Threshold: Only accept keyphrases with a high confidence score to avoid predicting keyphrases of low quality.
Syntactic diversity: If a keyphrase is included in another keyphrase, then the longer keyphrase should convey more information. We delete the shorter keyphrase until all combinations have been explored and trimmed. This biases the results towards longer keyphrases but is very efficient for diversity.
Merge overlapping keyphrases: If two keyphrases overlap (e.g., the last word of a keyphrase matches the first word of another keyphrase), then it is probable that they represent two pieces of an important keyphrase, like a long name. It is desirable to merge them into a single keyphrase, however, an upper bound to limit the maximum length of a keyphrase created in such a manner should be applied (e.g., do not create keyphrases with more than eight words).

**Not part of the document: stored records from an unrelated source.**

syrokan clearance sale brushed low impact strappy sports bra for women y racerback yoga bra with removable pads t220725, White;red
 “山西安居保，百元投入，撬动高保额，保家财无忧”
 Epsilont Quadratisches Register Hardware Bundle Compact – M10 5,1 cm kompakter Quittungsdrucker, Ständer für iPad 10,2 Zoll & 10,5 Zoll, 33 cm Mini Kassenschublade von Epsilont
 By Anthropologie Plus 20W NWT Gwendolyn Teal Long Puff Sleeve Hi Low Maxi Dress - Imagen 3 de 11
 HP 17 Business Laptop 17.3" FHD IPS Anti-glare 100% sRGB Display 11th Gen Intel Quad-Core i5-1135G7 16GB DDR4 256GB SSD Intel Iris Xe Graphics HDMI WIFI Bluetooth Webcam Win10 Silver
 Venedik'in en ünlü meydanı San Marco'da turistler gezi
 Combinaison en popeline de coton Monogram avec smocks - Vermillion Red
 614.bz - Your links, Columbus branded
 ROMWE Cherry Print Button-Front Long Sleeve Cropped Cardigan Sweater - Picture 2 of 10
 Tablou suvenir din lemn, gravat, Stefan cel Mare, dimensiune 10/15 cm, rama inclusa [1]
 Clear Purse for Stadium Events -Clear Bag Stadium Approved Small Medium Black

Remove stopwords at beginning or end: It can happen that the model predicts a keyphrase that contains a stopword at the beginning or the end, they are most likely not helpful and should be removed. Note that stopwords inside the keyphrase should be kept as they could very well be part of a valid keyphrase.

Concluding remarks

In order to achieve automatic KPE with good enough performance to be of practical use, we need to take into account the behavior of models on unseen data. In order to do that, some tricks can be very useful. If you know what the target distribution will look like, it is often very efficient to fine-tune on this distribution (or something close to it) in order to trigger transfer learning. But if you wish to have a more universal model, then robustness is crucial. A great way to achieve a robust model is to train it on various datasets to enable meta-learning, which also enhances performance. Tests showed great results on random types of data, including noisy, out-of-domain and more complicated datasets.